Чтобы в театре, особенно в театре абсурда, не закричать “виват” раньше времени, то есть не кликнуть “биса” невпопад, надо все же осознать, кто на сцене.
На сцене — поколение, еще недавно ходившее в молодых. Поколение некст (“после вас!”) — кажется, так они поименовали себя в сумятицу 90-х. Теперь они уже держат репертуар.

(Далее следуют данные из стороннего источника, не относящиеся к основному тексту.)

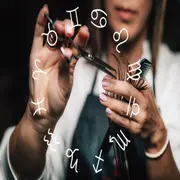 Una mano cortando un mechón de pelo y encima, la rueda zodiacal con los símbolos de los 12 signos del Zodíaco.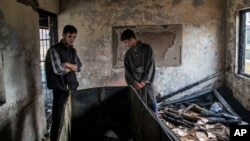 FILE - Kashmiri Muslim student Hilal Ahmed Hajam, left, and Nasir Ahmed Mir inspects the damage of a partially burned government high school in Goripora, outskirts of Srinagar, India controlled Kashmir, Nov. 1, 2016. 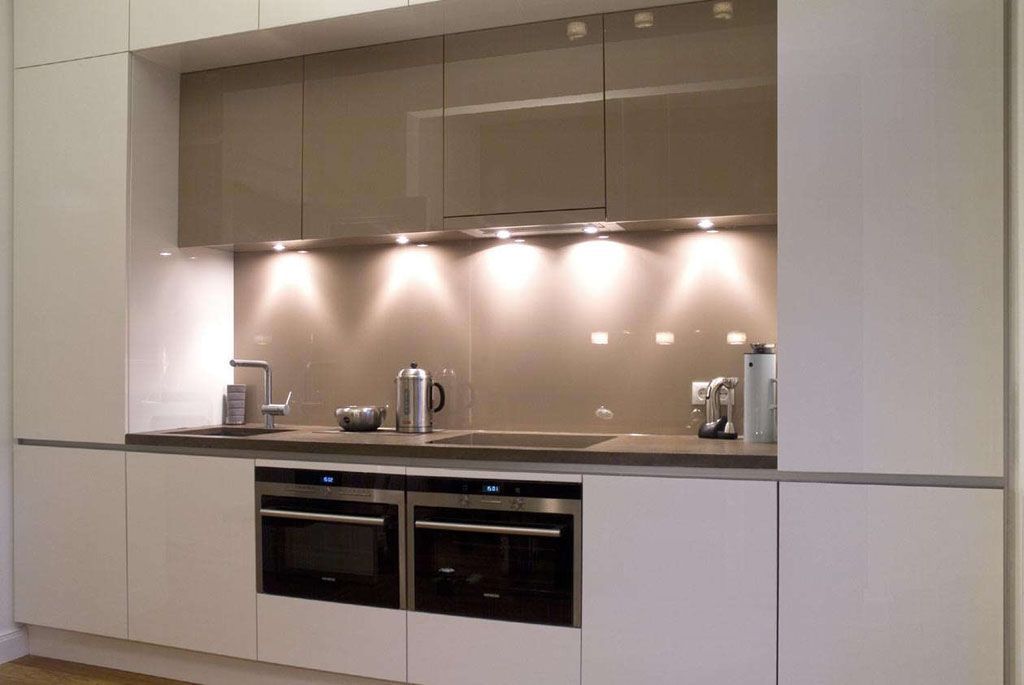 Eine Küche mit weißen Schränken und Geräten aus Edelstahl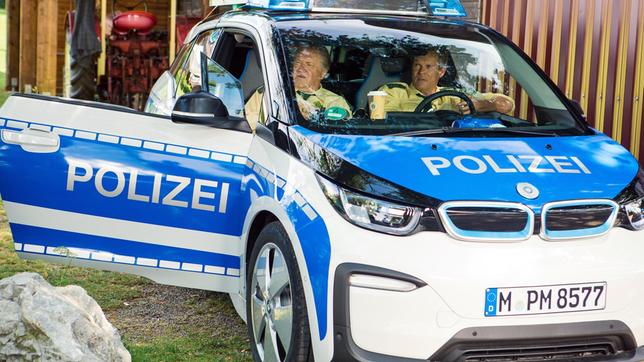Bild: ARD/TMG/Kai Neunert Hubert (Christian Tramitz) und Girwidz (Michael Brandner) warten im neuen, elektrischen Streifenwagen auf Riedls Meldung.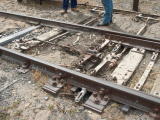 A closer look at the point mechanism for Tuggeranong siding. A new layer of topsoil and vegetation has been washed onto part of the mechanism.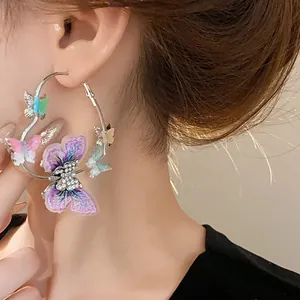 Detailed view of heart-shaped hoop earrings with colorful butterfly charms on model's ear.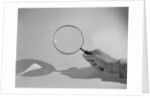 Hand Holding a Magnifying Glass by Anonymous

Ушли мальчики Державы, вынесшие на своих плечах Великую войну. Опростоволосились спасеныши войны — последние идеалисты, верившие в коммунизм и пытавшиеся облагородить систему. Пережили советскую власть дети послевоенной разрухи, в коммунизм уже не поверившие, отказавшиеся делить с системой ответственность, демонстративно ушедшие в “сторожа и дворники”. Их младшие братья, прицелившиеся было в космонавты (а девочки — в балерины), получили Афган и конфирмовались в этой новой войне, которой никто не ждал. Следующее поколение сказало: в космонавты? Ищите дураков! Мы лучше в финансисты (девочки — в путаны). Такая самоаттестация была не случайна: поколение конфирмовалось в 1991-м — рынком. Ни Державы, ни Цели. И мир не тот. “Короче, участок планеты, где нас по случайности нету”.
Появились они на свет точнехонько в брежневскую эпоху. Уже без хрущевских оттепельных заморочек, но еще без олимпийского бойкота, предвещавшего развал. И соцлагерь на месте, и научно-техническая революция объявлена, и мировой порядок подтвержден в Хельсинки, и полузапретные тексты гуляют в полуразрешенном самиздате. Кулисы в порядке. Надо выходить на сцену.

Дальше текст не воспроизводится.